The Charles Dickens Museum in London has opened a new exhibition, Technicolour Dickens: The Living Image of Charles Dickens to mark the 150th anniversary of the great Victorian writer’s death in 2020. A collection of new images to celebrate the exhibition and mark the anniversary are now available through Bridgeman Images.
The Charles Dickens Museum houses a collection of over 100,000 items including spectacular artworks, grand objects, precious manuscripts and fascinating archives. Located at 48 Doughty Street, London WC1, it is the last surviving London family home of Charles Dickens (1812-70). Dickens lived in the house from 1837-9, during which time he established himself as a writer and rose to international fame. During his tenancy at the property Dickens completed The Pickwick Papers and wrote the novels Oliver Twist and Nicholas Nickleby.

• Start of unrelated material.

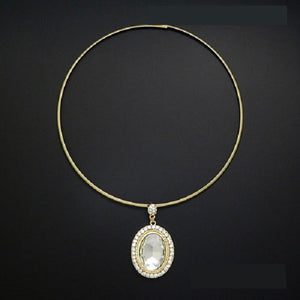 Gold Slider Necklace with Oval Rhinestone Pendant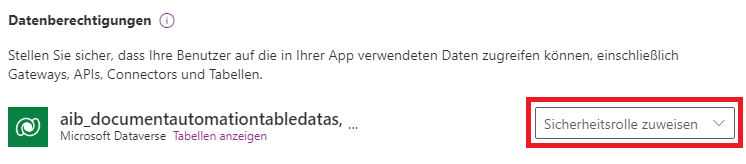 Weisen Sie eine Sicherheitsrolle zu.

The Museum is considered to be the world’s most comprehensive repository of material related to his life and works.
The building, which is Grade 1 listed, was purchased by the Dickens Fellowship along with neighbouring 49 Doughty Street in 1922, and it opened as a museum in 1925. In 2012 the Museum underwent a major redevelopment project funded by the National Lottery Heritage Fund and was transformed into an early Victorian home, displaying the Museum’s magnificent collection. The adjoining 49 Doughty Street houses an event space, a café, an education room, a research library, and three rooms dedicated to special exhibitions.
The current special exhibition, Technicolour Dickens explores the enduring power of Dickens’s image through the Museum’s world-class collection. Starting in Dickens’s lifetime, it traces his image through artists’ interpretations and depictions in popular culture, to reimagining’s by new technologies.
The exhibition draws on the Museum’s brilliant collection of over 500 portraits of the writer. Significant highlights of this diverse collection of paintings, busts, prints, ephemera, and photographs include the first known portrait of Dickens at 18 by his aunt Janet Barrow, and the last known sketch, done at his bedside after his death, by the pre-Raphaelite artist John Everett Millais.
The exhibitions’ star exhibits are a suite of eight enlarged photographic portraits from the Museum’s collection. Painstakingly digitally colourised by the artist and photographer Oliver Clyde, Dickens is presented anew, vivid and bright.
These images are reimaginings of the author and are underpinned by scholarly research. Groundbreaking analysis of the photographers and their studios creates the atmosphere of the images, while assessments of objects and artworks in the Museum’s collection and photographic studies of living Dickens descendants create the colour palette.
One aspect of Dickens that these images have allowed us to celebrate is his love of dress. Dickens was a huge fan of bright colours, rich materials and textures that are often lost in the black and white photographs that are so well known. These colours and materials were often so exuberant they caused quite a stir.
This outfit matches descriptions of clothes Dickens wore on his 1842 American tour. Elizabeth Wormeley, who met Dickens in Boston, later described how his dress was ‘conspicuous’ and included ‘two velvet waistcoats, one of vivid green, the other brilliant crimson’, which were ‘further ornamented by a profusion of gold watch-chain.’ Seeing these vibrant colours depicted shows another side to Dickens which often gets overlooked.
To celebrate the opening of this exhibition – which is on display until the 25th of April 2021 – these new colour images will be available in partnership with Bridgeman Images and present Dickens as you have never seen him before.